Return exactly the lines of the data below, from the one that contains "The goal of" through the final line, and leave out every picture.
Start of The data
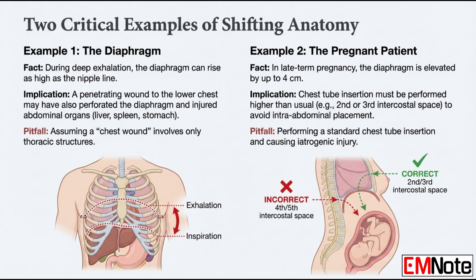How does this apply to a patient in late-term pregnancy? The gravid uterus shoves the diaphragm upwards by as much as four centimeters. It compresses the lungs so there's less reserve, but it also means you have to change your procedure for placing a chest tube. You can't use the standard fourth or fifth intercostal space — you might end up in the abdomen. You have to move up to the second or third intercostal space to be safe. That kind of adaptive knowledge is what saves lives.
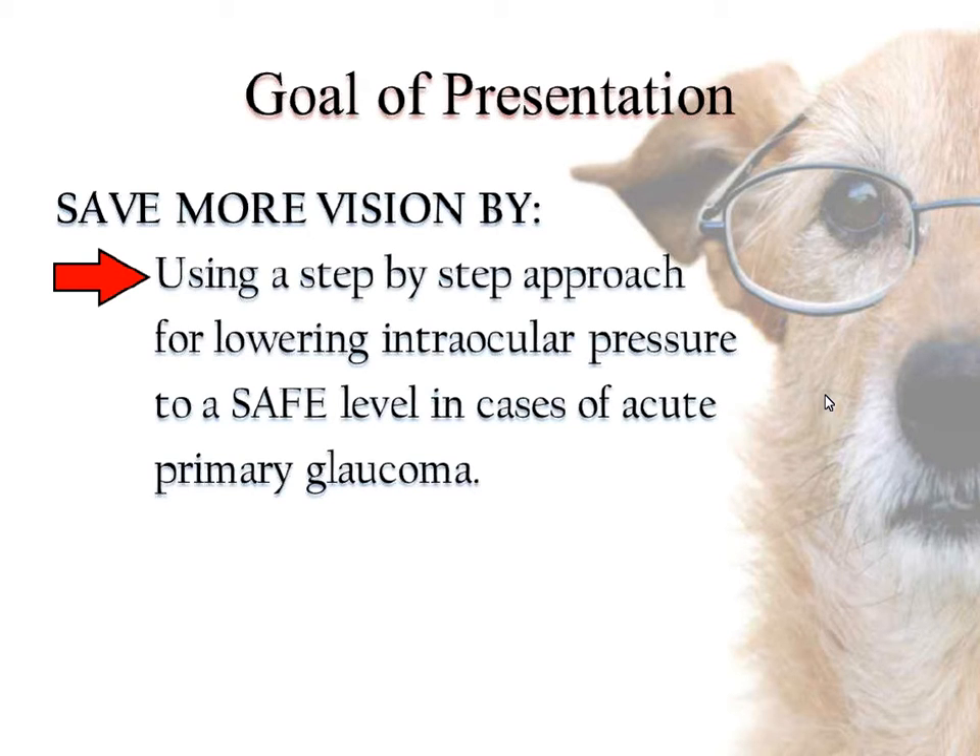The goal of this presentation is for us to save more vision by using a step-by-step approach for lowering intraocular pressure to a safe level in cases of acute primary glaucoma. There are many different techniques to decrease intraocular pressure in acute glaucoma. I'm going to present my way — it doesn't necessarily mean it's always the right way, but this is a step-by-step approach, hopefully easy to follow. The goal is to get the pressure down to a safe level so that we can save more vision.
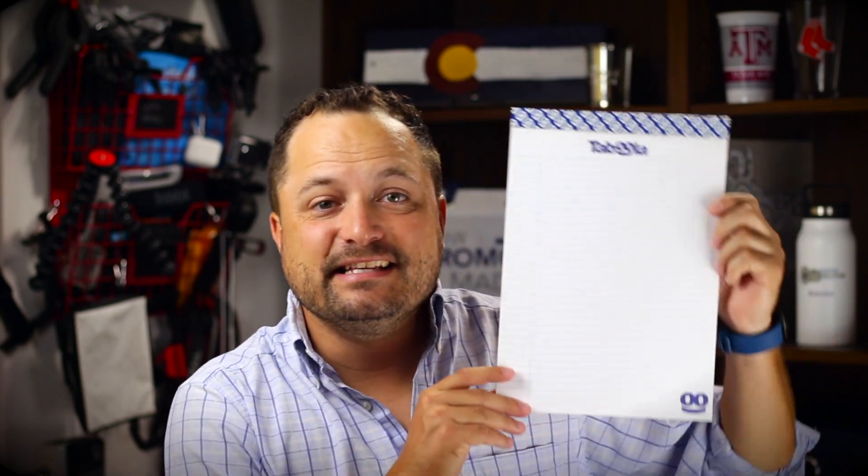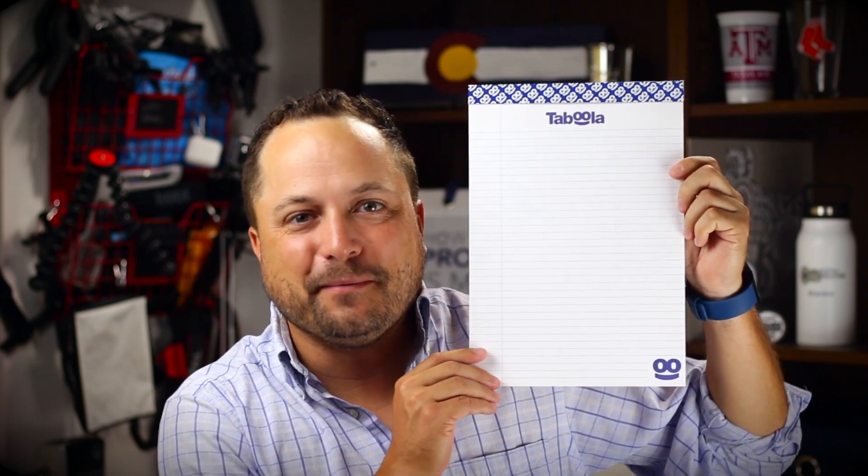Hey everybody, Brandon here — Promeray Day exclusively at Promo Corner. Every once in a while when I'm taking notes I'm gonna need something a little bit bigger than just those little tiny sticky note pads, and today's product is the legal pad from Drumline.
End of The data
▶ _Written response_:
The goal of this presentation is for us to save more vision by using a step-by-step approach for lowering intraocular pressure to a safe level in cases of acute primary glaucoma. There are many different techniques to decrease intraocular pressure in acute glaucoma. I'm going to present my way — it doesn't necessarily mean it's always the right way, but this is a step-by-step approach, hopefully easy to follow. The goal is to get the pressure down to a safe level so that we can save more vision.
Hey everybody, Brandon here — Promeray Day exclusively at Promo Corner. Every once in a while when I'm taking notes I'm gonna need something a little bit bigger than just those little tiny sticky note pads, and today's product is the legal pad from Drumline.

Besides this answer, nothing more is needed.